# Twisted Twig



## Kirk (Sep 5, 2002)

TWISTED TWIG (front wrist lock) 
1. With feet together and both hands of opponent applying a wrist lock on your right wrist, step forward and to your left (to 11 o'clock) with your right foot into a right neutral bow as you deliver a right upward elbow strike to your opponent's solar plexus and/or jaw. Your left hand is placed on top of opponent's right wrist for purposes of checking. 
2. Pivot counter clockwise into a horse as you deliver a right outward elbow strike (palm up) to opponent's solar plexus. 
3. Follow-up with a right downward hammer fist to opponent's groin as you shift into a right reverse bow. Have your left hand check at shoulder height.


----------



## jfarnsworth (Sep 7, 2002)

> _Originally posted by Kirk _
> 
> *TWISTED TWIG (front wrist lock)
> 1. With feet together and both hands of opponent applying a wrist lock on your right wrist, step forward and to your left (to 11 o'clock) with your right foot into a right neutral bow as you deliver a right upward elbow strike to your opponent's solar plexus and/or jaw. Your left hand is placed on top of opponent's right wrist for purposes of checking.
> ...



Well during move #1 insert a four finger eye poke to the eyes. This should drive the attackers head backward and help with the release of the wrist lock. Immediately strike with the upward elbow strike.

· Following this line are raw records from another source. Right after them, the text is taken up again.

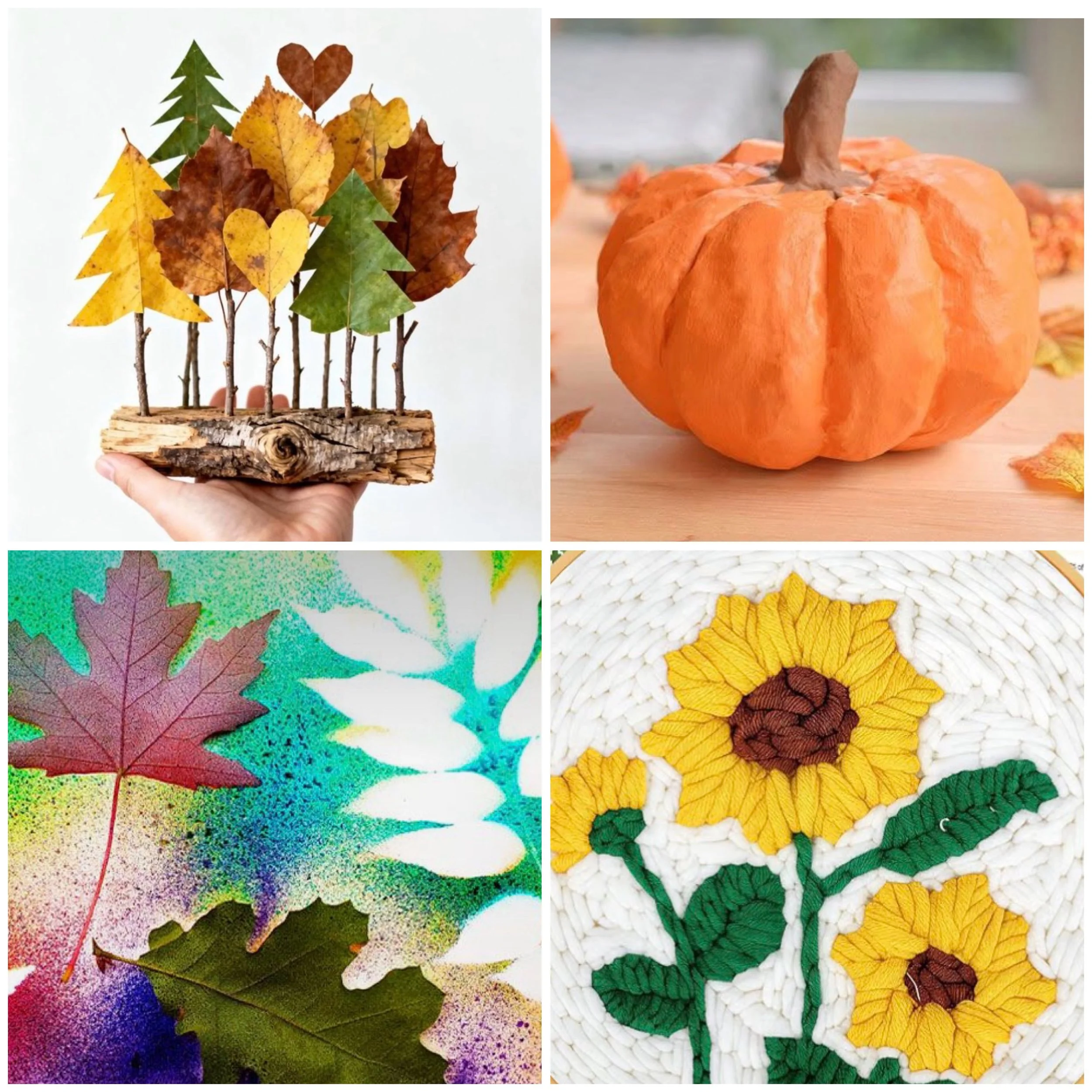 collage_export_488F59C9-934C-4F54-8764-96D95E21FA0A.jpeg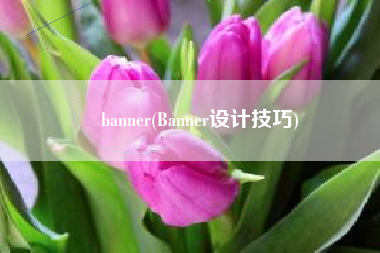 banner(Banner设计技巧)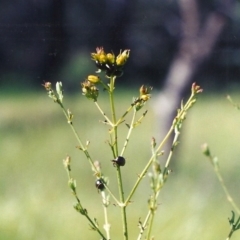 Hypericum perforatum (St John's Wort) at Tuggeranong Hill - 9 Nov 2005 by michaelb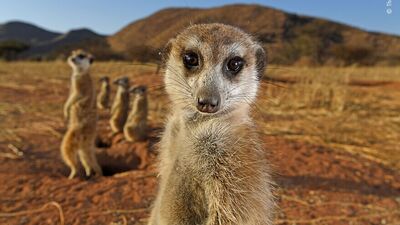 2021 yılının en iyi yaban hayatı fotoğrafları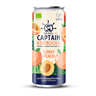 Kombucha Captain Gutsy Sunny peach 250 ml luomu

Hopefully this gets some discussion.
Jason Farnsworth


----------



## Doc (Sep 8, 2002)

> _Originally posted by jfarnsworth _
> 
> *
> 
> ...



Well first of all if a guy knows how to perform a wrist flex lock, you won't be doing anything with your left hand. But my real question is, "How in the hell does someone get you in a wrist lock while standing in front of you?"


----------



## jfarnsworth (Sep 8, 2002)

In my small amount of years of being  in the martial arts especially when I got into kenpo, then moved onward to learn twisted twig, I always thought to myself why would I want to let someone grab my wrist. I was at a black belt testing earlier this year with my friend who teaches jiu-jitsu. His youngest brother was testing for his 1st black.  My friend gathered up everyone he knew in our area that he had good ties with to come sit on the board. There were a total of 13 black belts on this board. Well anyway the gentleman sitting beside me was a 5th black in aikido.He went to japan to test for his 5th this guy obviously knew what he was doing. Getting back on track when it was his turn to critiuqe locks and standing joint manipulations I thought to myself there's absolutely no way I would grab this guy. His standard wrist lock in this technique was just amazing to watch. I just thought I'd share my experience.
Jason Farnsworth


----------



## Doc (Sep 8, 2002)

> _Originally posted by jfarnsworth _
> 
> *In my small amount of years of being  in the martial arts especially when I got into kenpo, then moved onward to learn twisted twig, I always thought to myself why would I want to let someone grab my wrist. I was at a black belt testing earlier this year with my friend who teaches jiu-jitsu. His youngest brother was testing for his 1st black.  My friend gathered up everyone he knew in our area that he had good ties with to come sit on the board. There were a total of 13 black belts on this board. Well anyway the gentleman sitting beside me was a 5th black in aikido.He went to japan to test for his 5th this guy obviously knew what he was doing. Getting back on track when it was his turn to critiuqe locks and standing joint manipulations I thought to myself there's absolutely no way I would grab this guy. His standard wrist lock in this technique was just amazing to watch. I just thought I'd share my experience.
> Jason Farnsworth *



Well your points are very well taken. Although of course an attacker doesn't know the skill level of whom he attacks, it is highly unlikely anyone would walk up to anyone and reach down to seize his wrist. In most of the Motion-Kenpo schools/students I've observed, the defender "hands" his hand to the "attacker." That's because to explore the idea of these techniques you must teach the offense and the defense, otherwise how will you know it works? Without knowledge of the attack which is not generally taught in Motion-Kenpo, students not only "hand" the attacker their limb but then "snatch" it back as soon as he touches it. Whats the point? Corrupting a specific attack from the Web of Knowledge and turning it into an "attempt," instead of the true assault it is.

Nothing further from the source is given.